Читаем Дали и Я полностью

В одном я не могу согласиться с Дали. Речь идет об утверждении, которое он приводит в прологе «Дневника гения»: «Эта книга докажет, что повседневная жизнь гения, его сон, пищеварение, экстаз, ногти, простуды, его кровь, его жизни и смерть в корне отличается от жизни и жизненных проявлений всех прочих представителей человечества» (ДГ. 43). Мне бы вовсе не хотелось, чтобы все как один разъезжали в «роллс-ройсах, груженных цветной капустой» (а именно так Дали в 1955 году подрулил к Сорбонне, чтобы сделать доклад), или чтобы их обхаживали виконт и виконтесса де Ноайль, еще менее — чтобы люди создавали подобные произведения. Однако помимо телесных подробностей тексты Дали рождают ощущение присутствия в повседневной жизни личности в целом вполне нормальной. Включаясь в повествование о событиях, когда Дали, что называется, выставляет себя напоказ (и, с моей точки зрения, речь здесь идет о самопреподнесении), пробравшись сквозь комичные стилистические преувеличения, мы получаем доступ к воспоминаниям, бытовым зарисовкам, наблюдениям, которые вполне доступны (или могут быть доступны) нашему пониманию. В рассказе о юности, годах учебы таких моментов немало. Мне нравится один из эпизодов, приведенных в «Тайной жизни», — тот, что связан со вступительным экзаменом в Мадридскую академию изящных искусств. Кандидат явился в столицу в сопровождении отца. Тот случайно встретился со школьным швейцаром, разговорился и понял, что главный критерий на экзамене — это размер рисунка. А у Дали рисунки были маленькими. Как и следовало ожидать, между отцом и сыном завязался бесконечный спор, зародились сомнения. Был ли рисунок таким же по размерам, как нож или как та крошка хлеба, которую держал отец, Дали не запомнил! Они горячо спорили. В конце концов, отправились в кино. На следующий день Дали стер рисунок и начал его заново. Он оказался слишком большим! Огорченный отец винил себя. Дали вновь все стер и сделал рисунок еще меньше первоначального. В итоге Дали все же приняли в академию… Разве эта хаотическая смесь стремления к совершенству, промахов, невозможности понимания не способна пробудить у любого читателя воспоминания о собственных семейных перебранках?!

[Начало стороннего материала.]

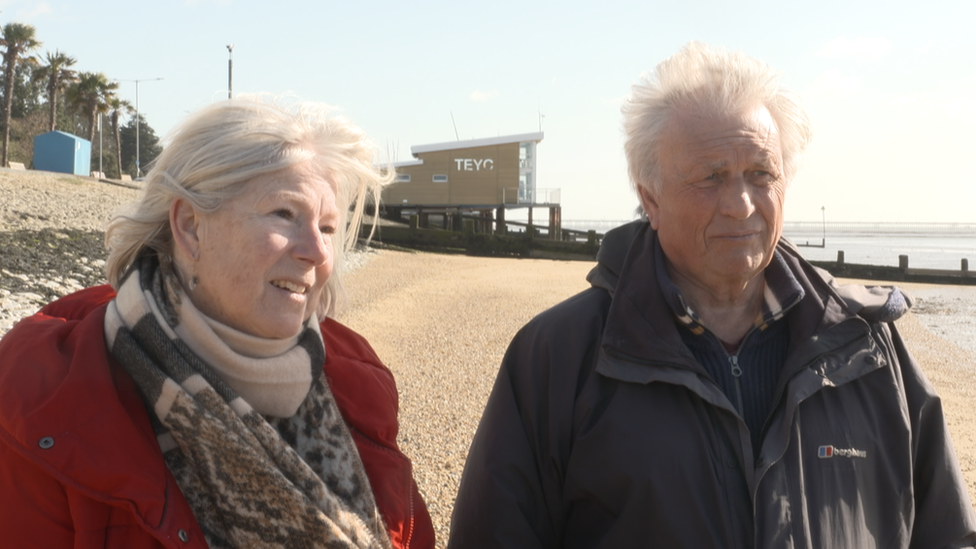 Terri Stanley wearing a red coat and Eric Stanley in a black coat on the beach in Southend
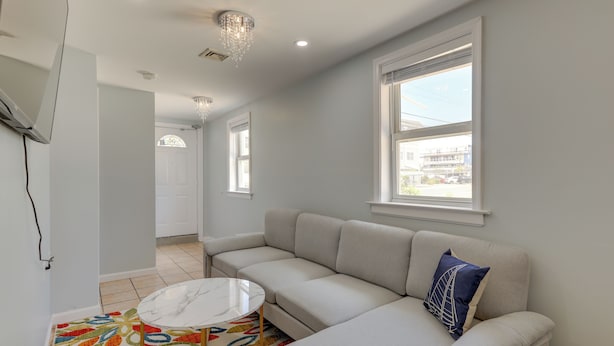 Ein modernes Wohnzimmer mit einem beigefarbenen Ecksofa, einem runden Couchtisch und einem farbenfrohen Teppich. Zwei Fenster sorgen für natürliches Licht und bieten einen Blick ins Freie.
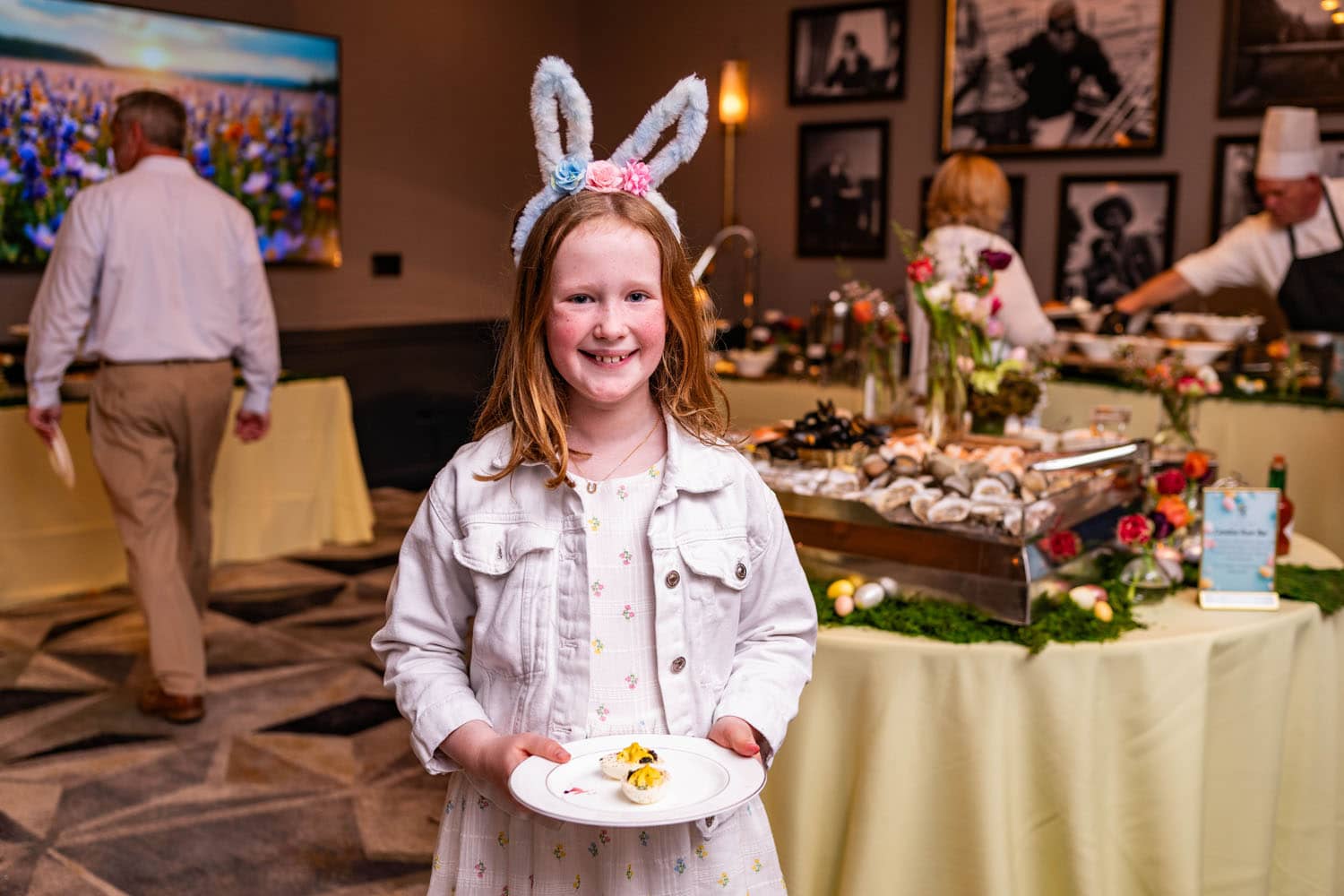 A child eating at the Easter buffet inside The Historic Cavalier Hotel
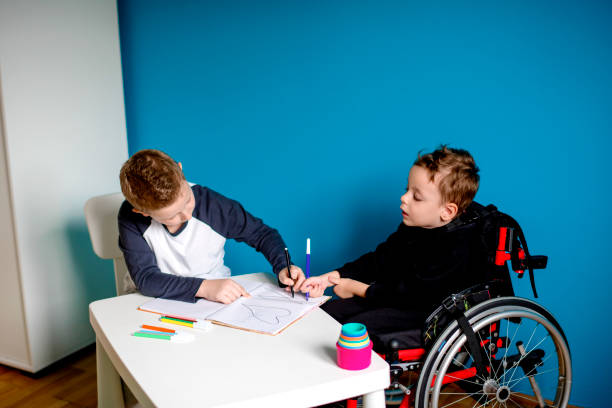 istock A boy and a boy in wheelchair learn at home 1208554694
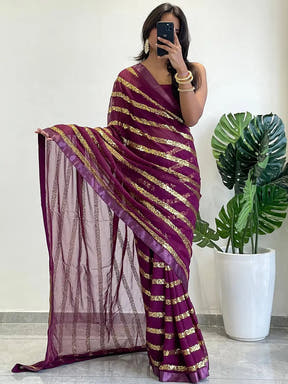 Georgette saree with striped sequins work and solid border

Даже в «Дневнике гения», у героя которого было больше времени, чем в «Тайной жизни», для конструирования собственной личности, читатель найдет немало поводов для самоидентификации. Дневник выстроен (в основном благодаря помощи Мишеля Деона) вокруг нескольких крупных событий, таких как резкие споры с сюрреалистами, рассказ о смерти Рене Кревеля, стремление встретиться с Фрейдом в 1938 году, текст лекции в Сорбонне… К фрагментам, которые являются достоянием истории культуры, автор добавляет замечания менее универсального характера. Июнь 1952 года: из сообщения Жоржа Брике Дали узнает о вывихе колена у Луизона Робе, лидера «Тур де Франс». Ноябрь-, пространно изложив свое мнение по поводу AEAR (Ассоциации революционных писателей и художников), а также поведав свои подозрения насчет того, что Поликлет был фашистом (!), Дали вдруг подкрепляет свои суждения ссылкой на то, что «говаривал Рэмю». 4 мая 1953 года: «Гала нашла на въезде в Кадакес овчарню. Хочет купить ее и перестроить, и даже разговаривала о покупке с овчаром». 12 августа: Дали присутствует на запуске воздушных шаров. Разумеется, я не единственная из тех, кому атмосфера «Тур де Франс» напоминает не только Робе, что само собой разумеется, но также и радиокомментатора Жоржа Брике; как множество взрослых людей, я сохраняю интерес к запуску воздушных шаров, но все это вовсе не пробуждает во мне, в отличие от Дали, мыслей о гегелевской диалектике. Любой человек, коему присуще нормальное стремление к счастью, когда-нибудь мечтал о том, чтобы приспособить нечто вроде овчарни и укрыться там от мирской суеты; тех же, кому еще не довелось посетить рыбацкие домики в Порт-Льигате, где жил и работал Дали, я заверяю, что там у них непременно возникнет живое ощущение, что они могли бы поселиться в этих местах со своим скромным скарбом.